A USB device stack is the software necessary to drive the USB device peripheral hardware on a microcontroller (MCU) or other device. Typically a USB peripheral only supports the transaction level and below of the USB protocol. Enumeration and transfers are left to the firmware to implement. The Microchip PIC line of microcontrollers work exactly this way.
M-Stack is a functional, well-documented, open source implementation of a USB stack for Microchip PICs which have the full-speed (12Mbit/s) USB peripheral. That includes numerous PIC 16F, 18F, 24F, and 32MX/MK/MM Microcontrollers.
M-Stack performs the following operations:
- USB device hardware initialization
- USB interrupt handling
- Management of the serial interface engine SIE
- Management of endpoints
- Fragmentation and reassembly of control transfers
- Handling and sending standard setup requests
- Enumeration
The following device classes are supported:
- HID - Human Interface Device
- Mass Storage Class (MSC) with MMC/SD card support
- Vendor WCID - Silent install plug & play USB FS comms via WinUSB / libusb
- CDC-ACM - Communication Device Class - Abstract Control Model
Other features include:
- Clean, well-documented examples for both device and PC-host (libusb)
- Fast bootloader for PIC24 and PIC32MX
While having a working USB stack is of great benefit when starting a USB project, know that there is no substitute for actually knowing the details of how USB works. The USB specification should be consulted frequently when creating a USB device.
This project was forked from: http://www.signal11.us/oss/m-stack/
This software is dual-licensed under the GNU Lesser General Public License (LGPL) version 3.0 and the Apache License, version 2.0. It may be used under the terms of either one of these licenses as seen fit. It may be used in commercial and open hardware projects so long as the conditions of one of these licenses can be met.
Some files under a different license, see LICENSE-3rdParty.txt
M-Stack has currently been tested on PIC16F, PIC18F, PIC24F and PIC32MX devices. Microchip has obviously made a conscious effort to make the register-level interfaces to their USB peripherals as similar as possible across MCUs and even across MCU families. While many devices should be able to be easily supported with this software, there are often times small differences which need to be worked out, the biggest of which being buffer descriptor and data buffer locations with respect to the DMA capabilities of the microcontroller being used.

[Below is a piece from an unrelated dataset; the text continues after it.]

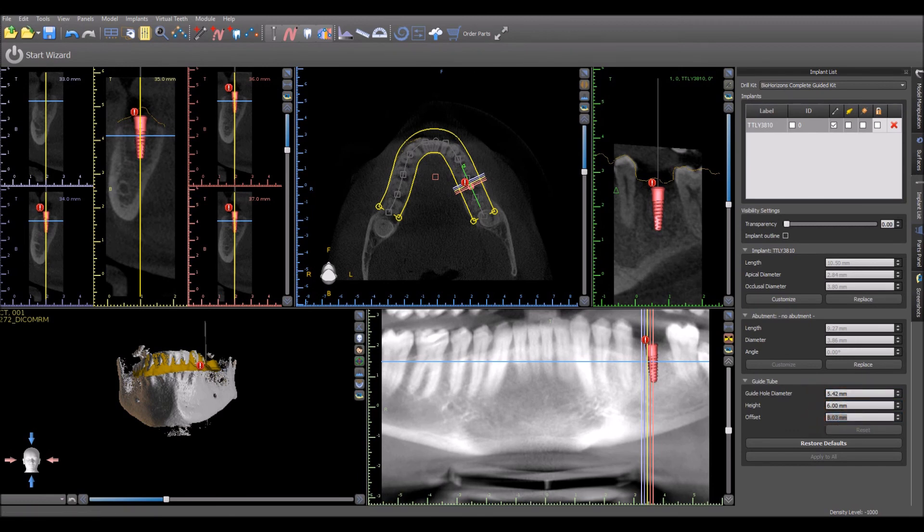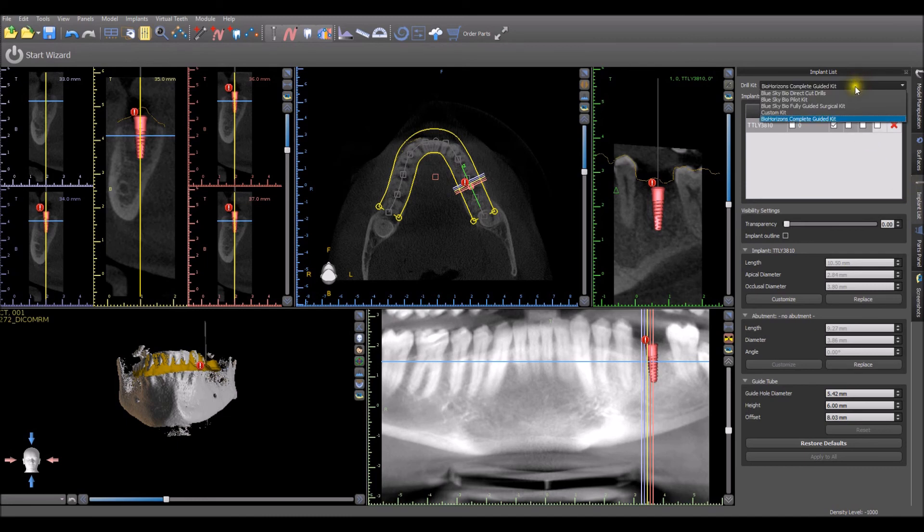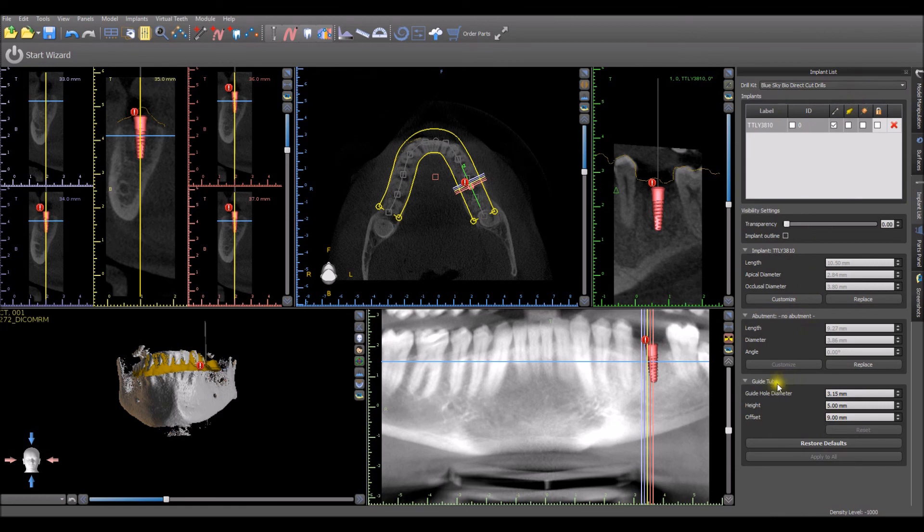To create a built-in drill stop, select the BlueSkyBio direct cut drills and modify the guide tube settings as needed.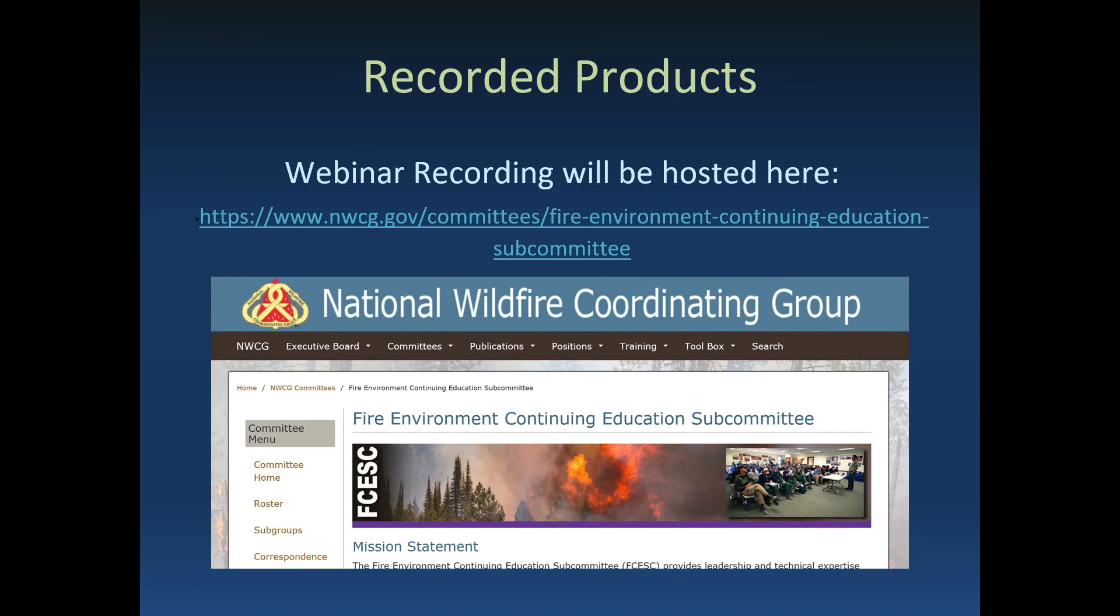Thanks, appreciate it. And I think that's all the questions that were posted, and I don't see any hands raised. So pass it back to you, Ben and Wes. Alright, thanks Ron for monitoring that Q&A. So we've come to the end of the presentation. Thanks to everybody for sticking around a few extra minutes. We've recorded today's webinar, and the recording will be hosted on the Fire Environment Continuing Education Subcommittee homepage. The link is posted there on the webinar screen. Give us a couple weeks to get the videos ready and posted. Thanks everyone for your participation. Enjoy the rest of your day, and we will see you next spring.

The following MCU's and configurations have been tested:
- PIC32MX460F512L - PIC32 USB Starter Board
- PIC24FJ64GB002
- PIC24FJ256DA206
- PIC18F46J50 - PIC18F Starter Kit
- PIC16F1459
- PIC16F1454 - similar to PIC16F1459
If your hardware is not supported, and it's in the PIC16F/18F/24F/32MX family, you can probably make a port without much trouble.
The USB stack is supported by the following software:
- Microchip XC8 compiler
- Microchip XC16 compiler
- Microchip XC32 compiler
- Microchip MPLAB X IDE
Open the MPLAB.X project in apps/unit_test in the MPLAB X IDE. Select a
configuration and build. Make sure a supported compiler is installed.
The host_test/ directory contains Libusb-based test programs for testing the
functionality of a USB device running the unit test firmware. Currently the
Libusb test software has only been tested Linux, but since its only
dependency is the cross-platform Libusb library, it is easily portable to
other operating systems on which Libusb is supported.
With Libusb installed, run "make" in the host_test/ directory to build the
test software.
./control_transfer_in [number_of_bytes]
- Execute an IN control transfer requesting
number_of_bytesbytes from the device. The data returned will be printed. The unit test firmware supports control transfers up to 512 bytes.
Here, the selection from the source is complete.